Repeat the entire listing exactly. Omit all pictures.

◆ **DATA PROVIDED**

^^^^^^^^

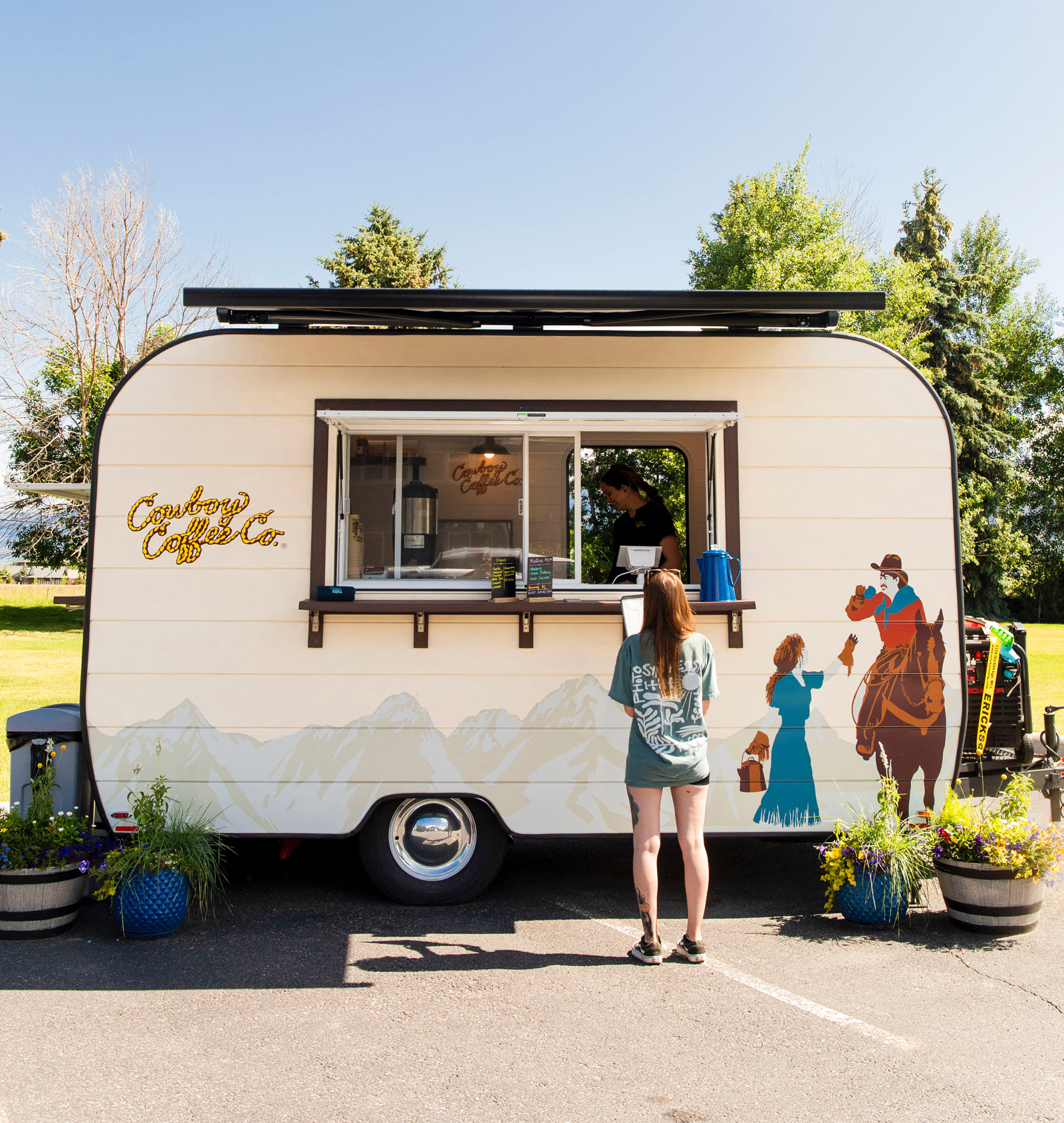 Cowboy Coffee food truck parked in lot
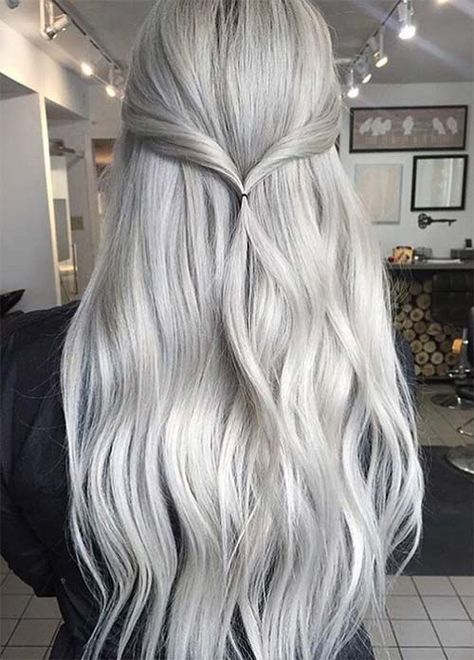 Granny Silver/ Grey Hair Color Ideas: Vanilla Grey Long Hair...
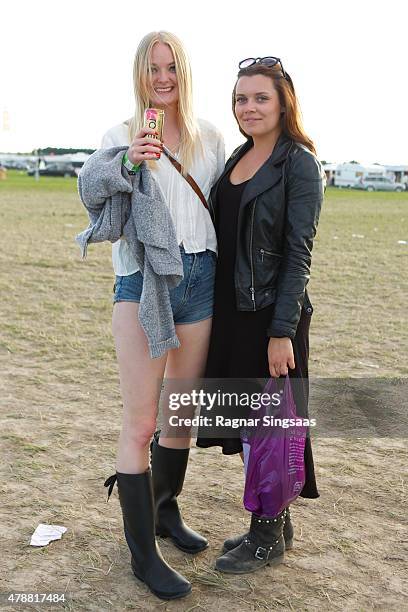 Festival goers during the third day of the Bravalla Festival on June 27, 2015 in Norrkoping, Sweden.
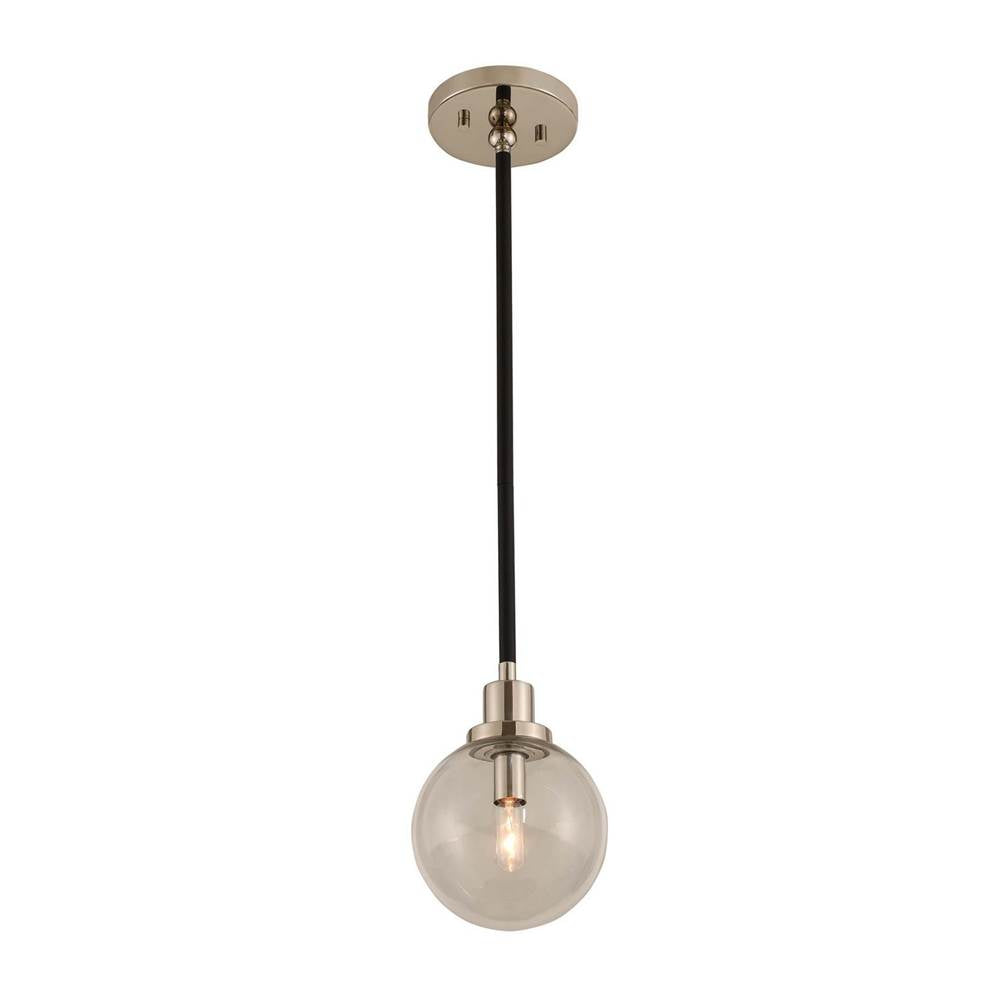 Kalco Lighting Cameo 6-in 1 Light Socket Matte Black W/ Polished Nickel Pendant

^^^^^^^^

◆ **REPLY**
 Cowboy Coffee food truck parked in lot
 Granny Silver/ Grey Hair Color Ideas: Vanilla Grey Long Hair...
 Festival goers during the third day of the Bravalla Festival on June 27, 2015 in Norrkoping, Sweden.
 Kalco Lighting Cameo 6-in 1 Light Socket Matte Black W/ Polished Nickel Pendant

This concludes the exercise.